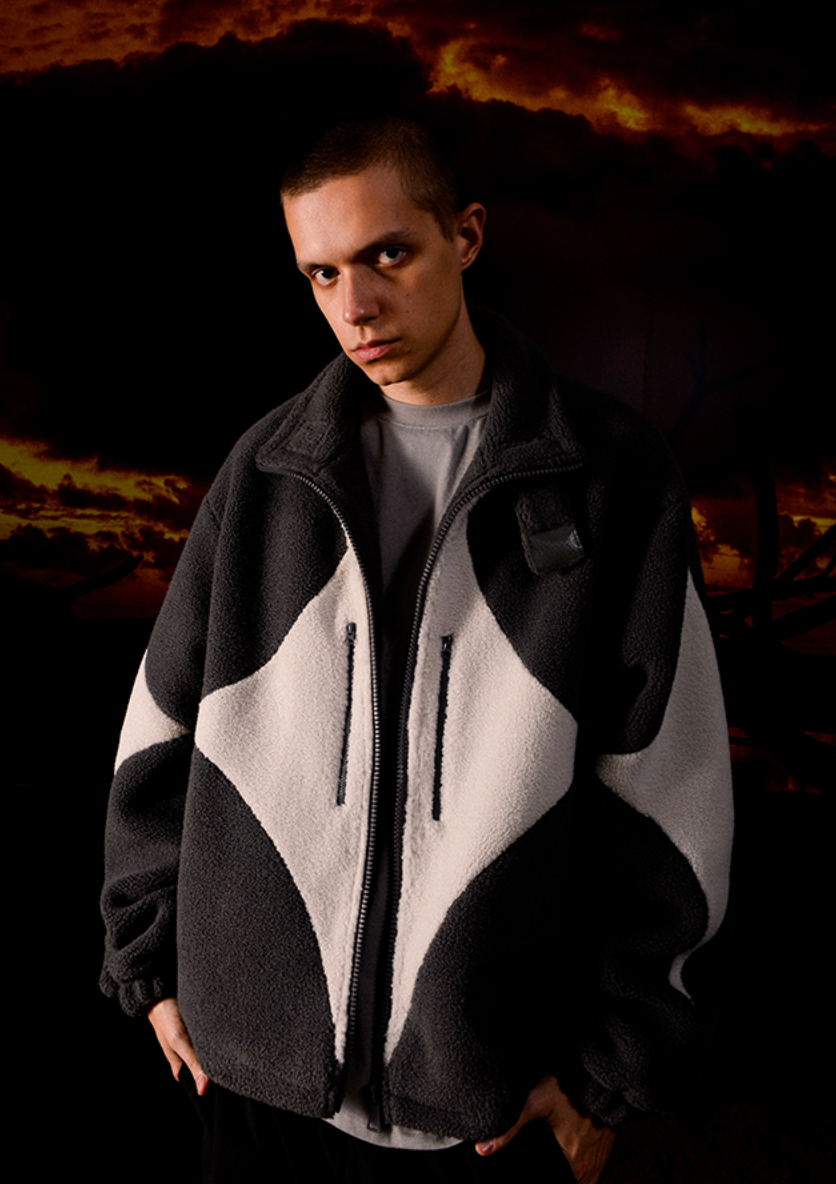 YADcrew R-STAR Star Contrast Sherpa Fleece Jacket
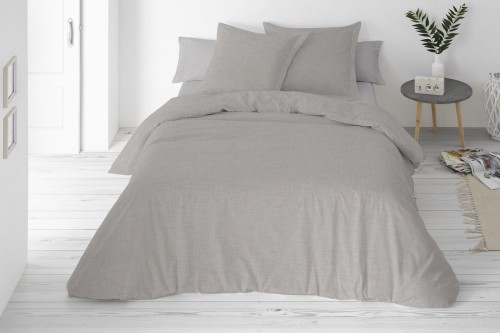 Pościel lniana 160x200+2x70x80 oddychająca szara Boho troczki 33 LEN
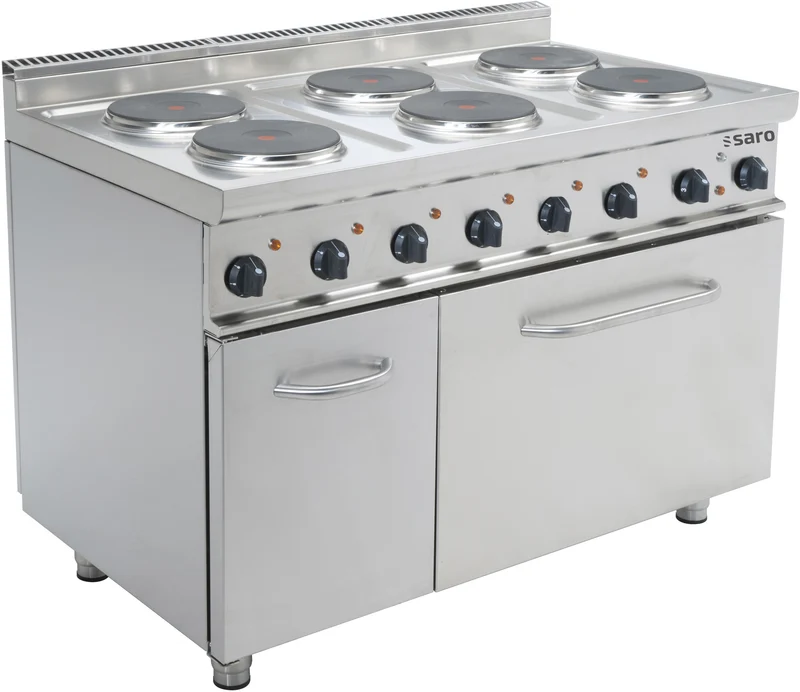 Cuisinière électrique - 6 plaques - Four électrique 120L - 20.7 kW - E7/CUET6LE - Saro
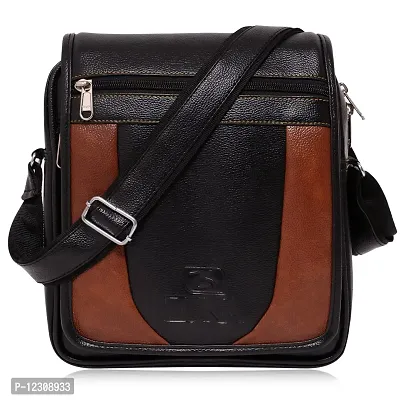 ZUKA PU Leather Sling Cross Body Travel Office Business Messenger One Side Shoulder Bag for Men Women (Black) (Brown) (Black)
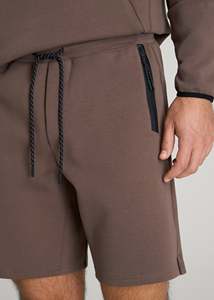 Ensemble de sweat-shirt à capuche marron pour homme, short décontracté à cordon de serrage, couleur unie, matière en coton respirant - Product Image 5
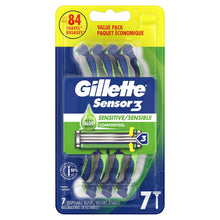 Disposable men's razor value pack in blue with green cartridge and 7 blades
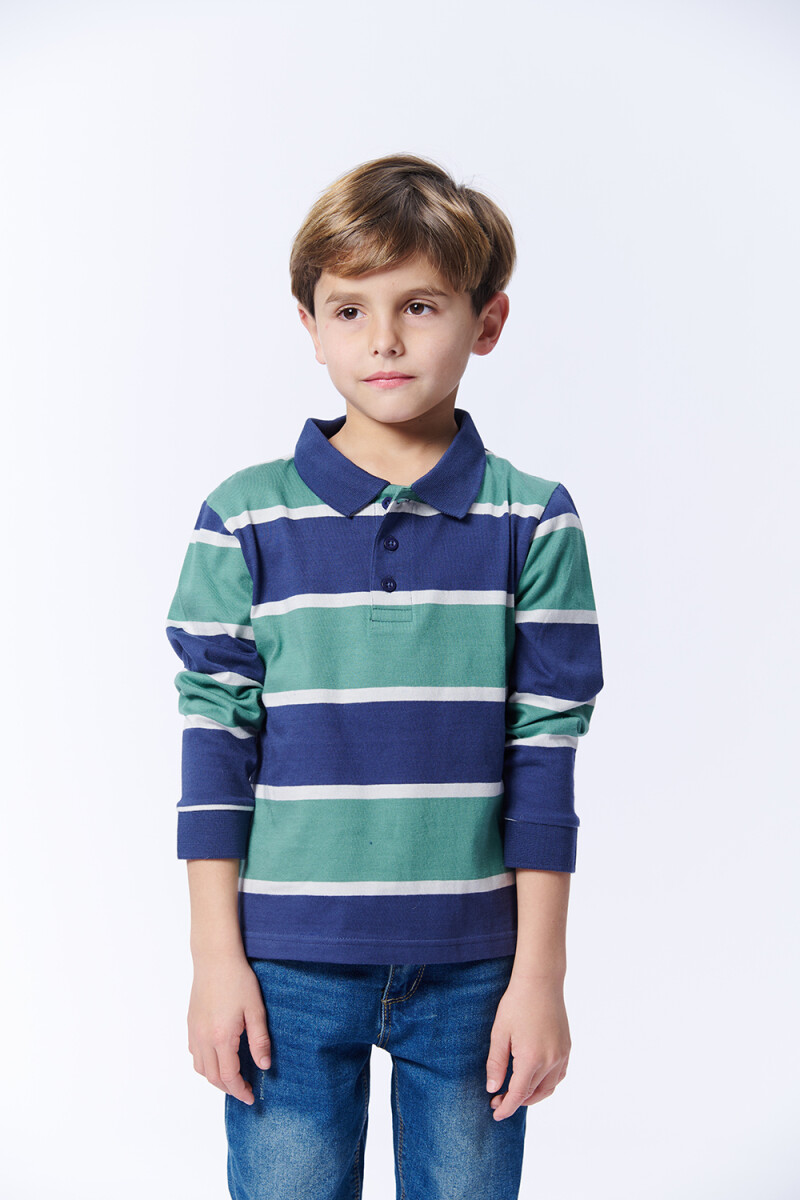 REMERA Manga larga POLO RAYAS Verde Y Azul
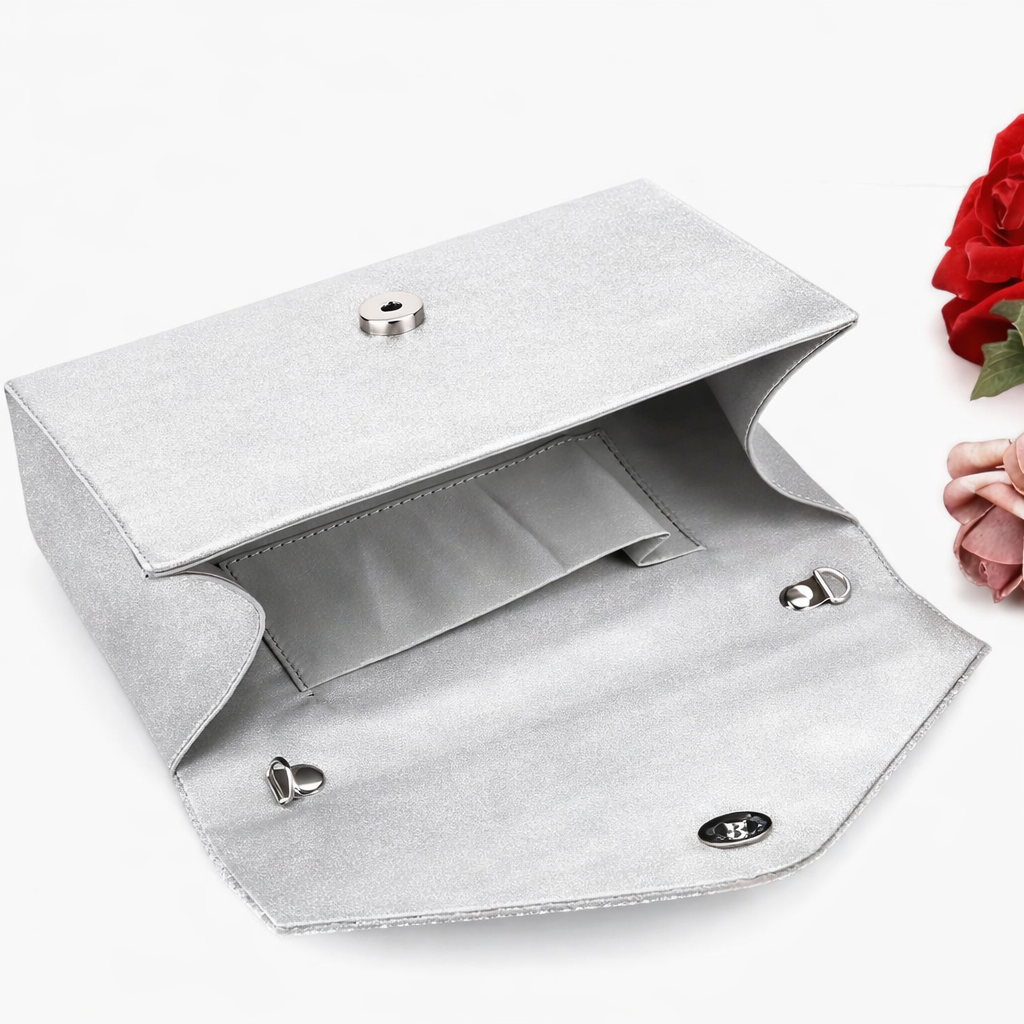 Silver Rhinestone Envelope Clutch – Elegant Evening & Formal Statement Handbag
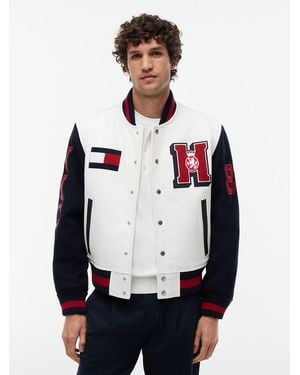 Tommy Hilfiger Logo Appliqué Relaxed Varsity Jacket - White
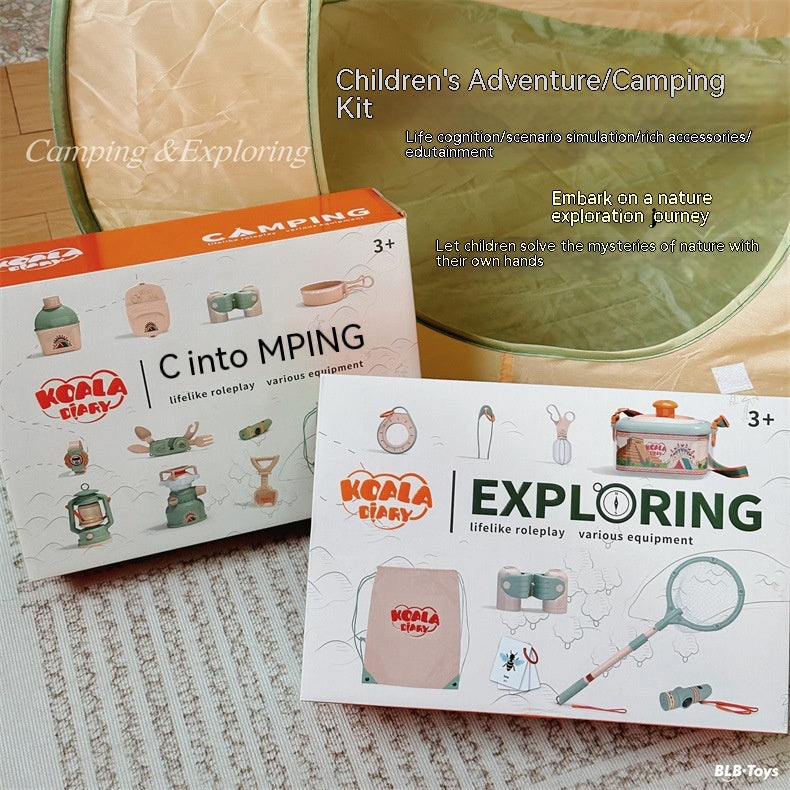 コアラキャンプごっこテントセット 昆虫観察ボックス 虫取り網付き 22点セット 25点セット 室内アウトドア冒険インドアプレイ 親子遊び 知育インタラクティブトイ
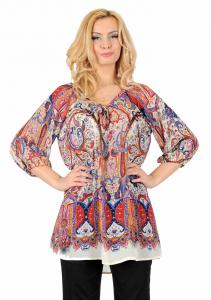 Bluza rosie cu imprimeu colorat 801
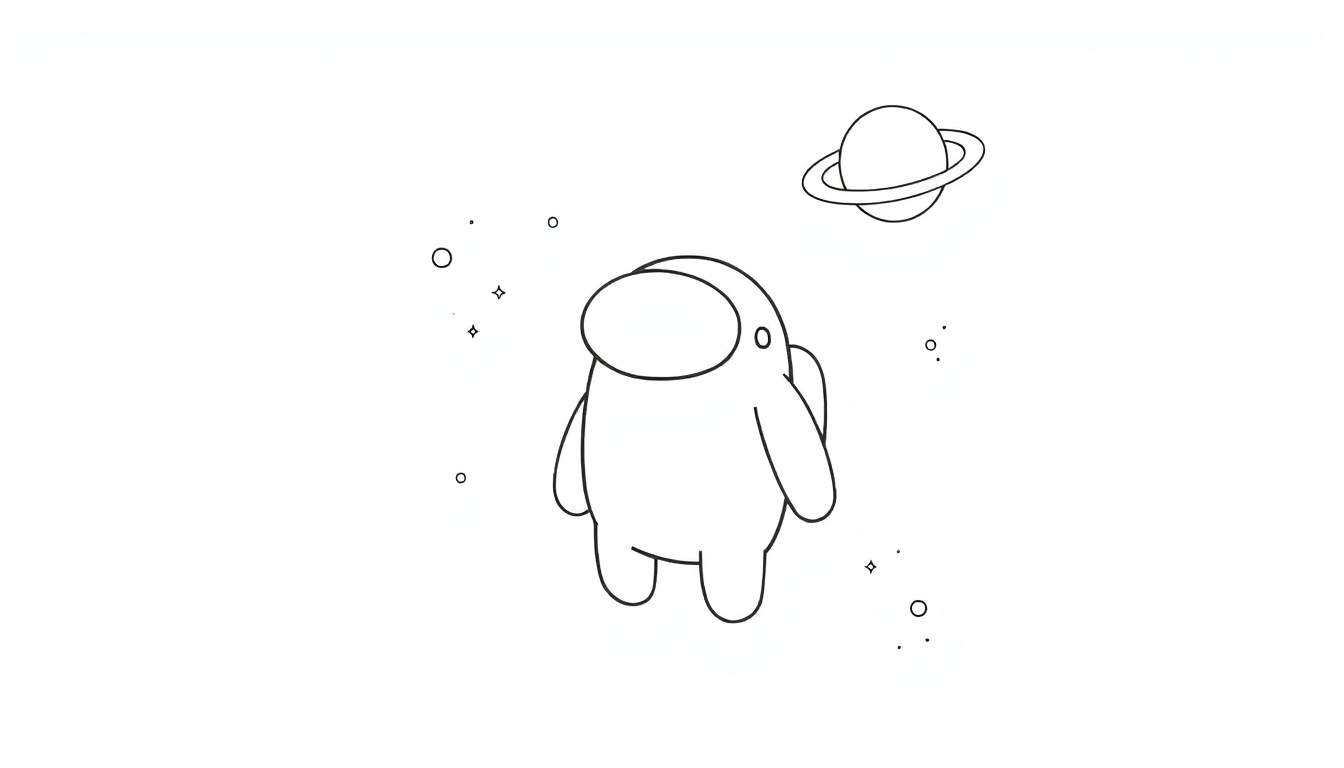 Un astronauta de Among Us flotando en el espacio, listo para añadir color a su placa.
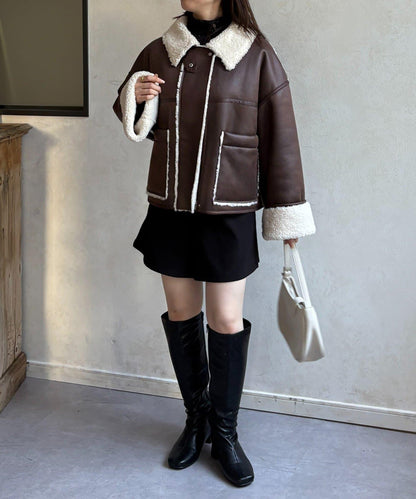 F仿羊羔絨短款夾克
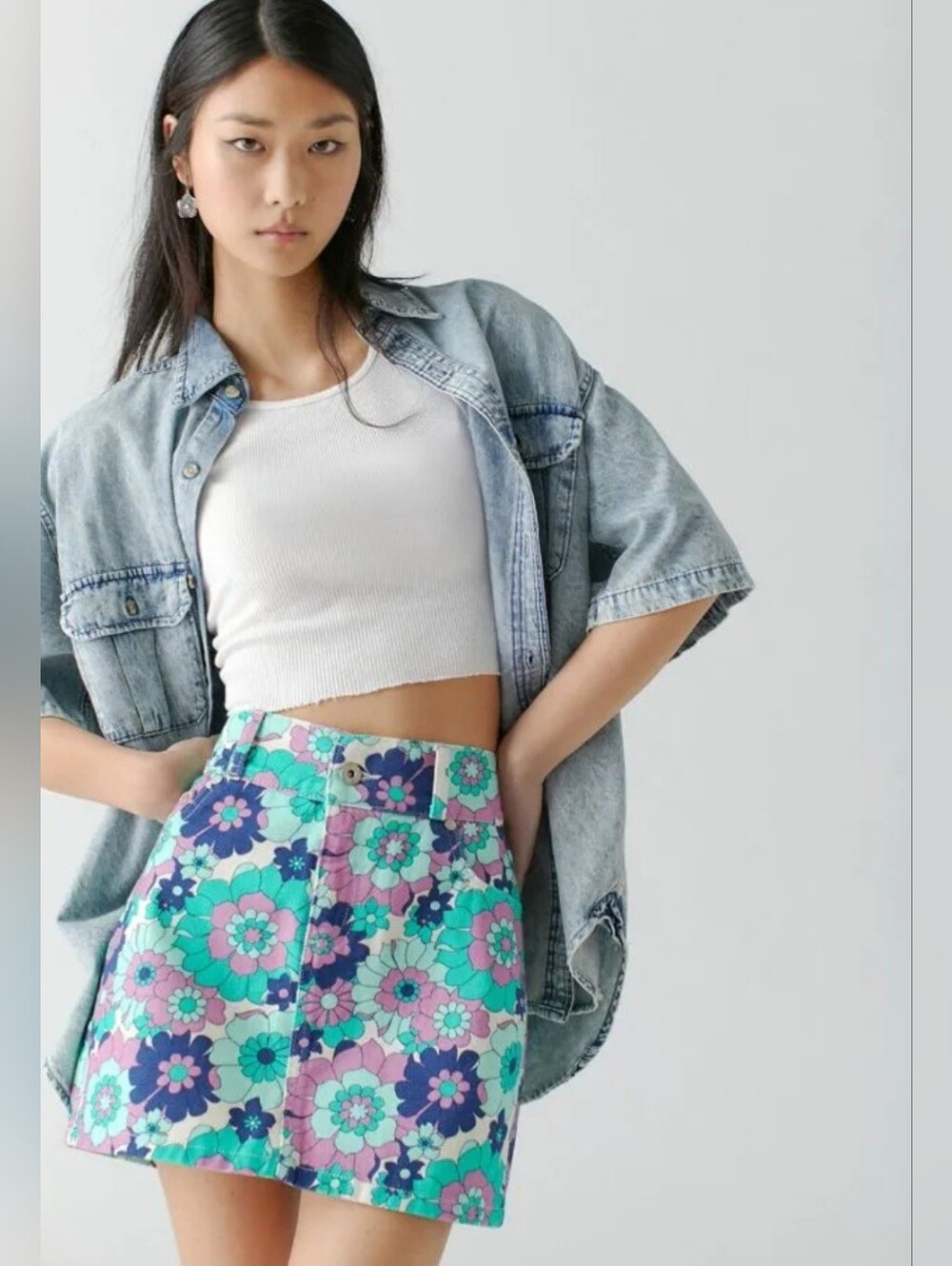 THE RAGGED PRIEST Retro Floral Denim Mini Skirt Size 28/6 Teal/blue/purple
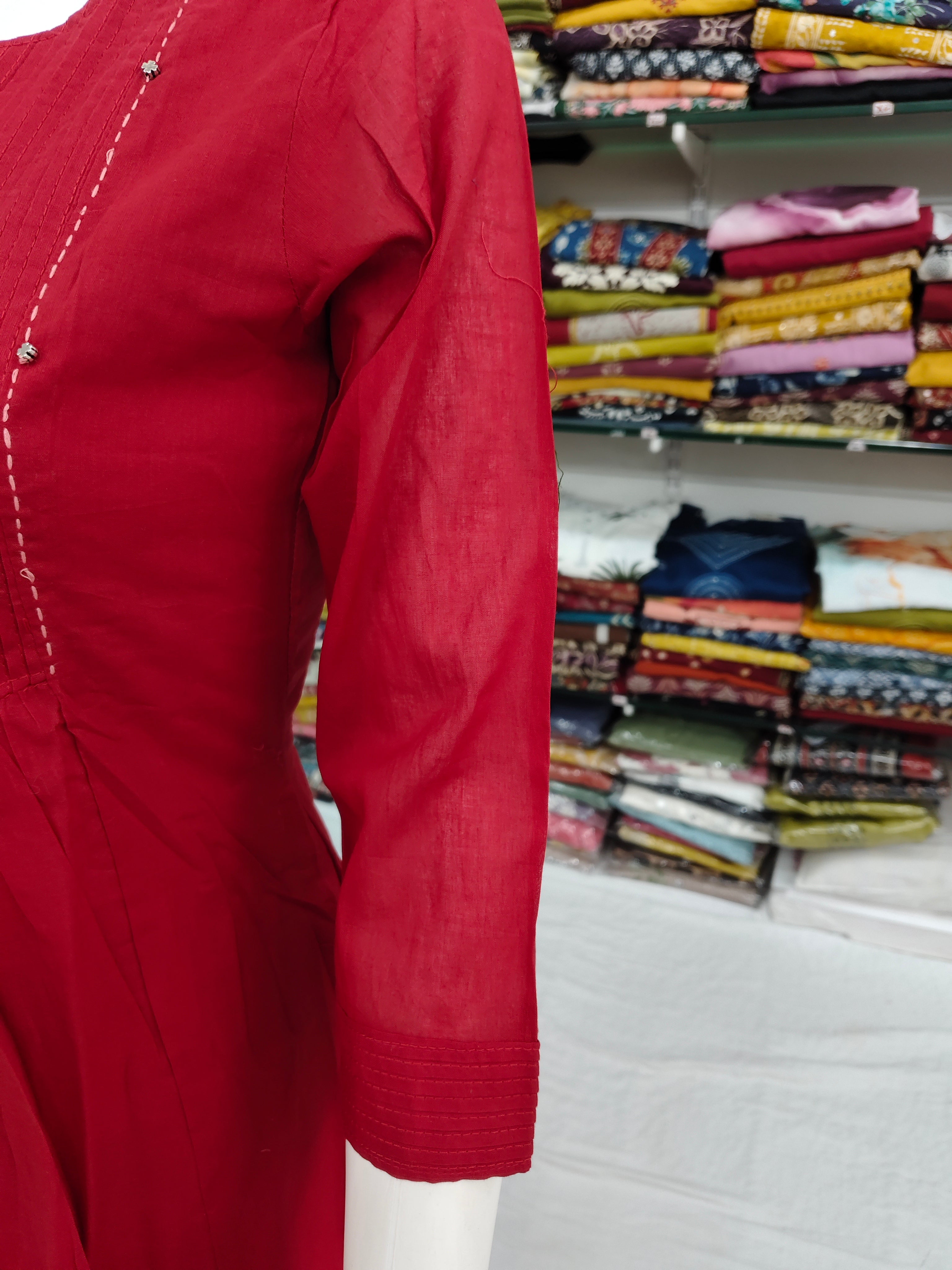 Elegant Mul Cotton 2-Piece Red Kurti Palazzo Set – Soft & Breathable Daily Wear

┄┄┄┄┄┄┄┄┄┄

Task details —
In the data above, retype only the stretch from the line with "Cuisinière électrique - 6" through the line with "REMERA Manga larga POLO RAYAS Verde Y Azul", word for word, and skip any pictures.

Solution for this exercise —
 Cuisinière électrique - 6 plaques - Four électrique 120L - 20.7 kW - E7/CUET6LE - Saro
 ZUKA PU Leather Sling Cross Body Travel Office Business Messenger One Side Shoulder Bag for Men Women (Black) (Brown) (Black)
 Ensemble de sweat-shirt à capuche marron pour homme, short décontracté à cordon de serrage, couleur unie, matière en coton respirant - Product Image 5
 Disposable men's razor value pack in blue with green cartridge and 7 blades
 REMERA Manga larga POLO RAYAS Verde Y Azul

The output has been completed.